Some may say that Jesus is no longer Jewish but a careful reading of the book of Revelation suggests otherwise. In Revelation 5:5 we read - ‘And one of the elders said to me, "Weep no more; behold, the Lion of the tribe of Judah, the Root of David, has conquered, so that he can open the scroll and its seven seals."’ Also, we read in Revelation 22:16, in Jesus’ own words, “I, Jesus, have sent my angel to testify to you about these things for the churches. I am the root and the descendant of David, the bright morning star.
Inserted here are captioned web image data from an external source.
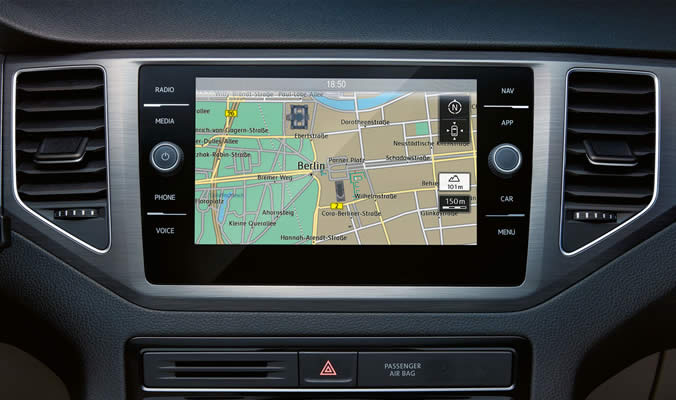 vw golf sportsvan navigace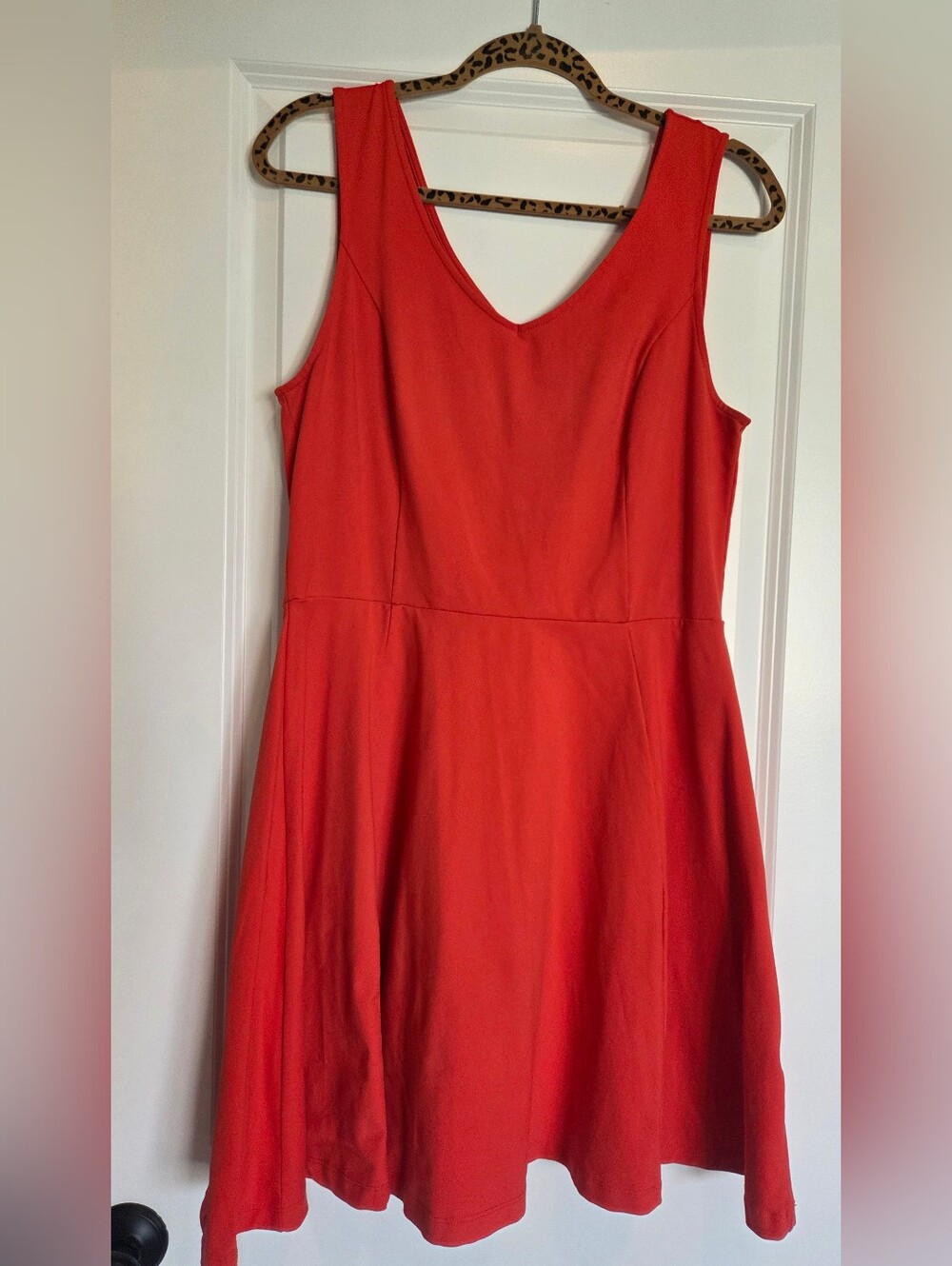 Cynthia Rowley Sleeveless V-Neck Red Fit-and-Flare Dress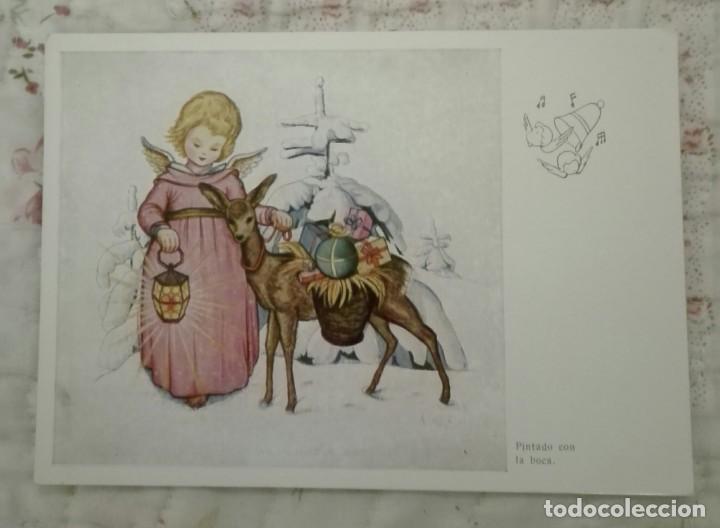 Postais: -74010 POSTAL DIBUJO NI&Ntilde;OS NAVIDAD, PINTURA ARNULF, ESCRITA A&Ntilde;O 1961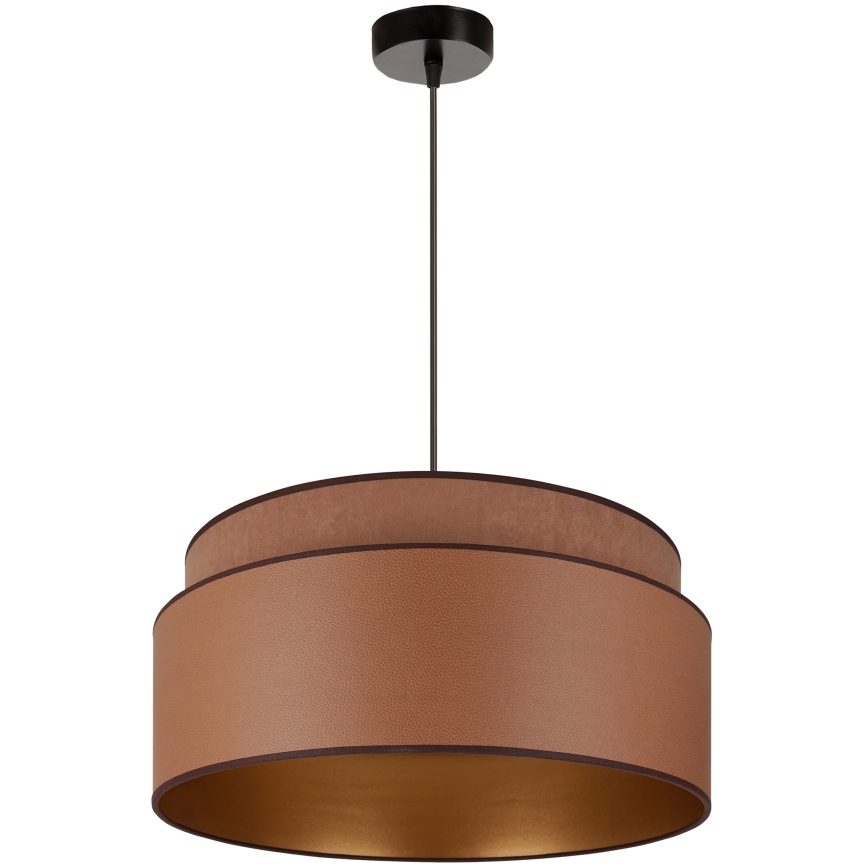 Brilagi - Luster na sajli OREGON VEGE 1xE27/15W/230V prečnik 45 cm braon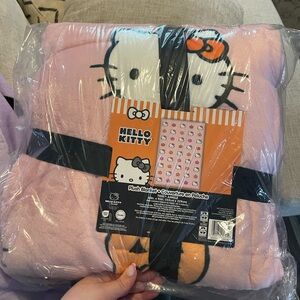 Hello Kitty Pink Plush Blanket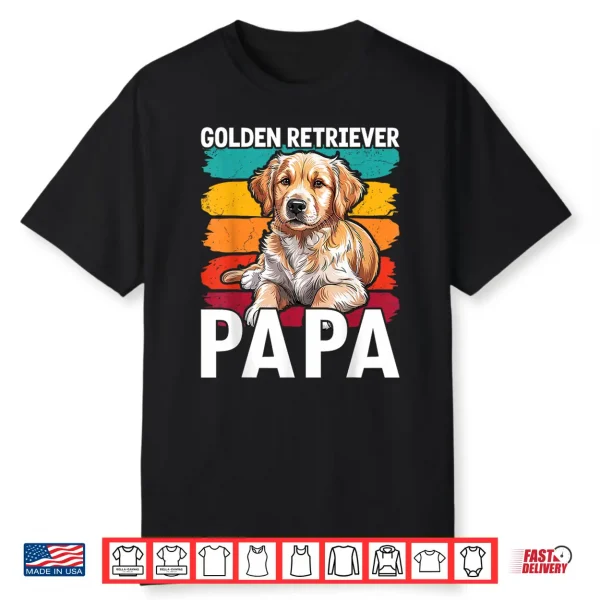 Golden Retriever Papa Father’S Day Dad Grandpa Shirt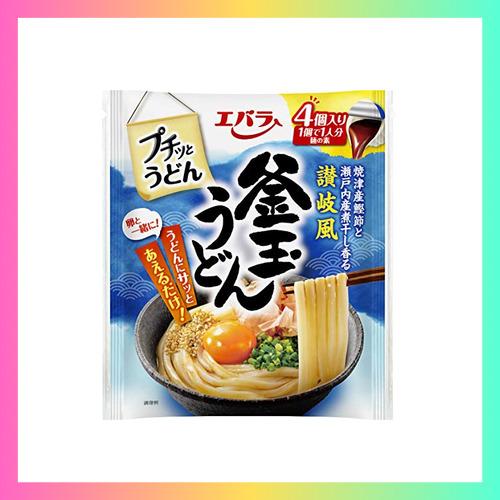 エバラ プチッとうどん 釜玉うどん (23g×4個) ×4袋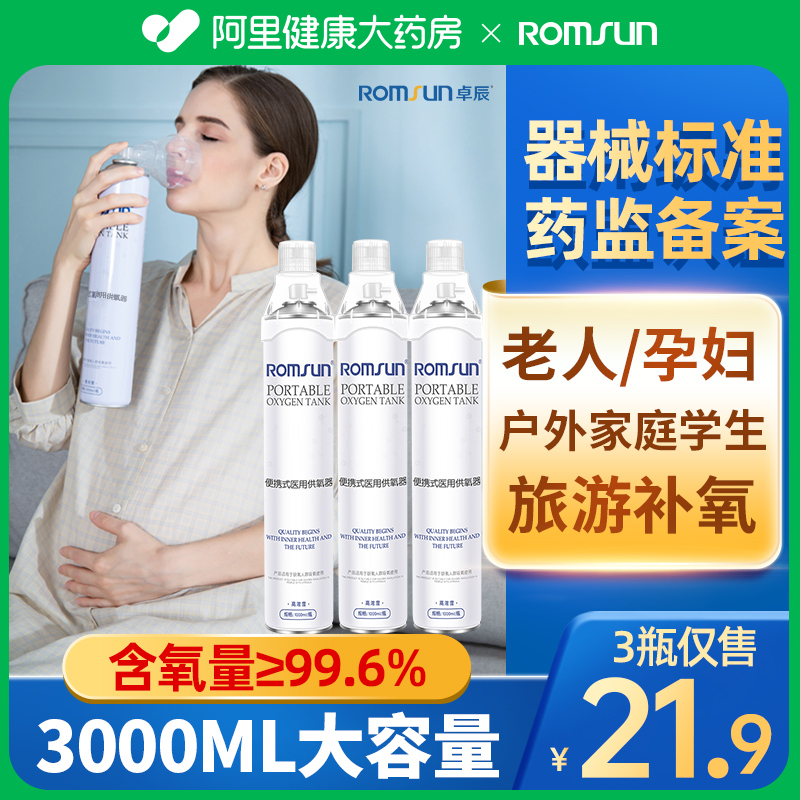 氧气瓶便携式孕妇老人家用高原旅游专用吸氧器袋小型医用机呼吸罐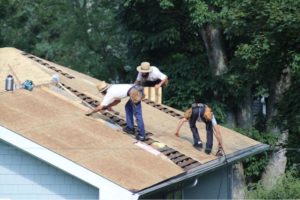 Roof damage inspection on a Gaithersburg MD home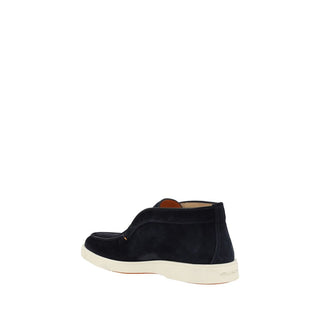 Blue Calf Leather Bos Taurus Ankle Boots
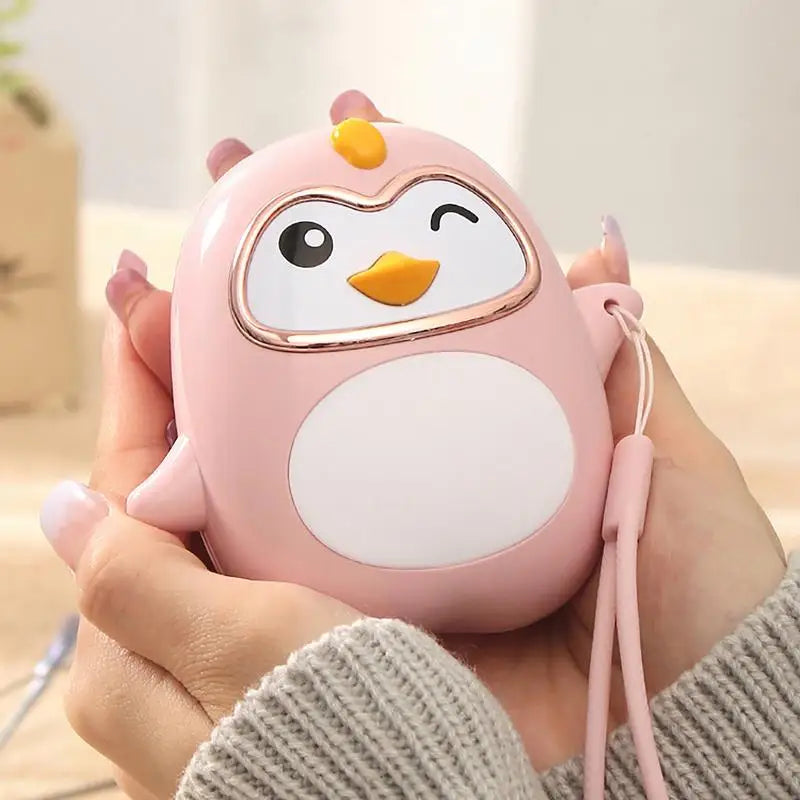 Rechargeable Hand Warmer Electric Hand Warmer Portable USB Battery Bank Reusable Pocket Heater Adjustable Rechargeable Hand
Jesus was born King of the Jews, he died with that same title nailed to the cross and, according to the New Testament, He will return with that same title. His crucifixion and suffering not only fulfilled many prophecies from the Old Testament but also fulfilled the sacrificial atonement requirement for the forgiveness of sins. In the book of Revelation, He is referred to as ‘The Lamb who was slain’ bringing to mind the Passover lambs who were sacrificed and whose blood was daubed on the doorposts and lintels of Hebrew houses to save those who were inside.

The Jewishness of Jesus is not therefore a side issue but is vitally important to our understanding of who He is, what He has done for us and to better understand His teaching so that we may know His salvation and follow Him in close relationship for the rest of our life and into the next.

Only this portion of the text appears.